ENTRIES SUPPLIED:

#####

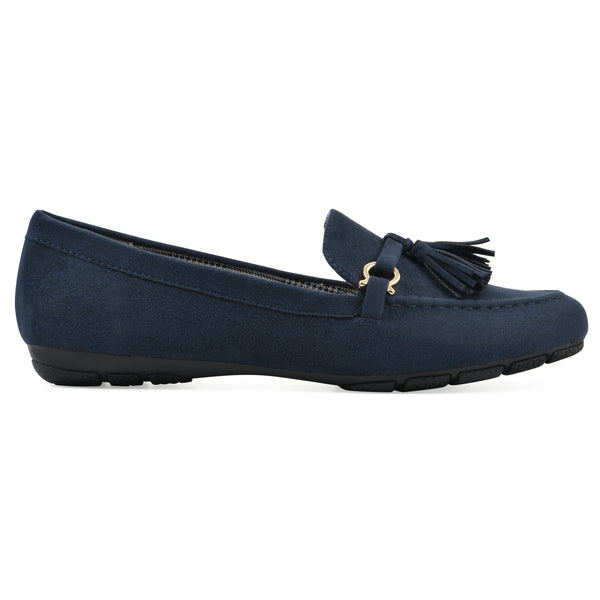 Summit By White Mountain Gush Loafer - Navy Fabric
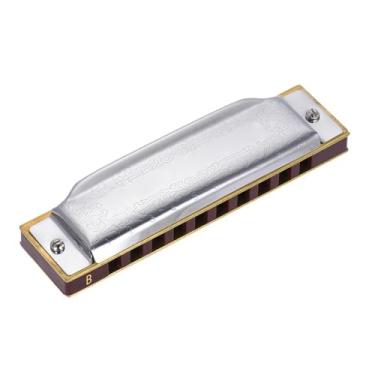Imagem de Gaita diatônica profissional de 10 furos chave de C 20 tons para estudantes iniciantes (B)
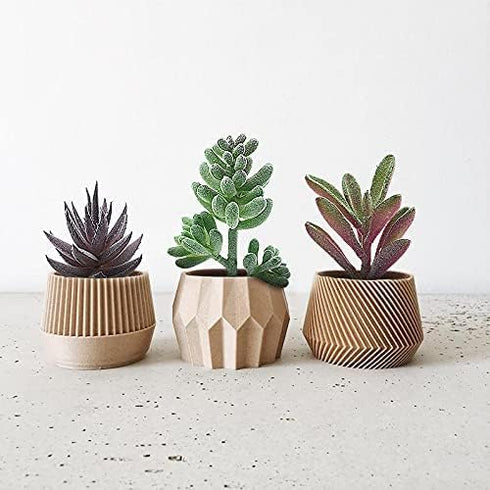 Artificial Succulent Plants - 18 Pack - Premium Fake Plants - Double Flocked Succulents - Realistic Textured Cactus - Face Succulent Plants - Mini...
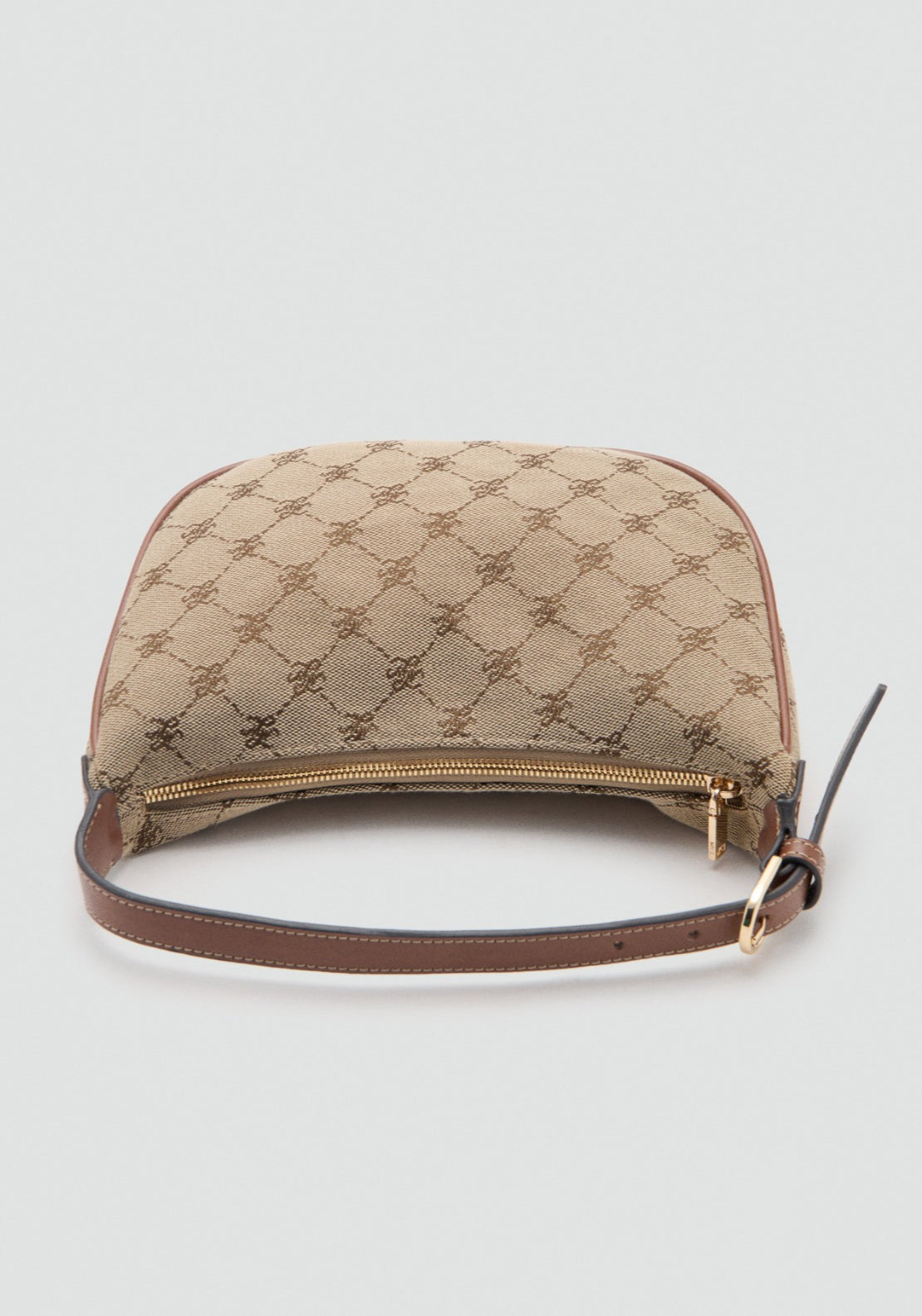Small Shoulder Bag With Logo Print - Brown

#####

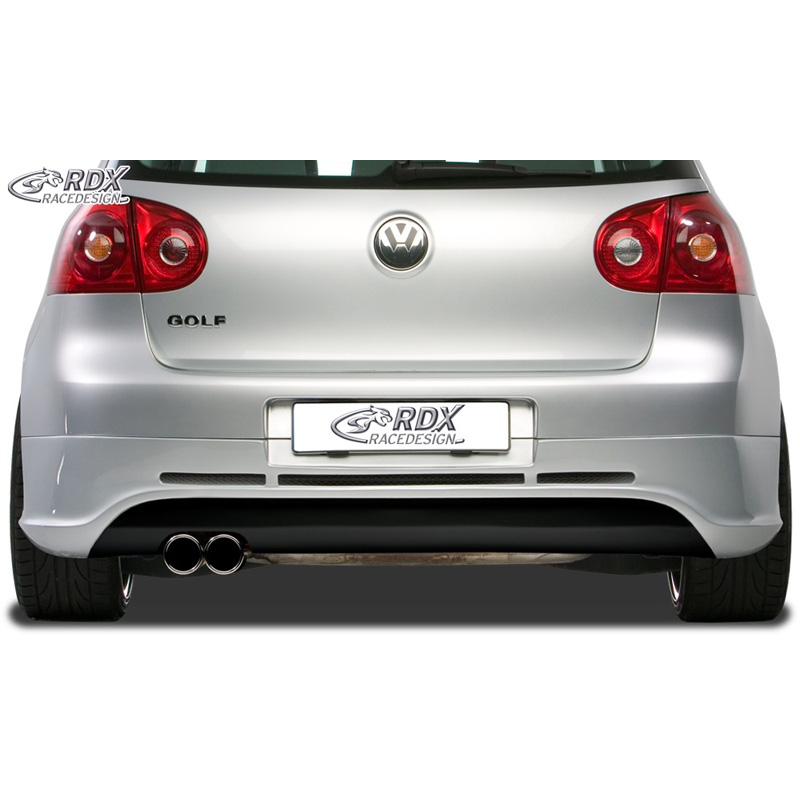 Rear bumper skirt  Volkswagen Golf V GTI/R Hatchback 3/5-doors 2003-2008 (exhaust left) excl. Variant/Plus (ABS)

#####

WORK ITEM: Taking the records above, print only and exactly the lines from the line with "Artificial Succulent Plants" to the line with "Small Shoulder Bag With Logo Print - Brown", both kept, and exclude pictures.

WRITTEN SOLUTION:
 Artificial Succulent Plants - 18 Pack - Premium Fake Plants - Double Flocked Succulents - Realistic Textured Cactus - Face Succulent Plants - Mini...
Small Shoulder Bag With Logo Print - Brown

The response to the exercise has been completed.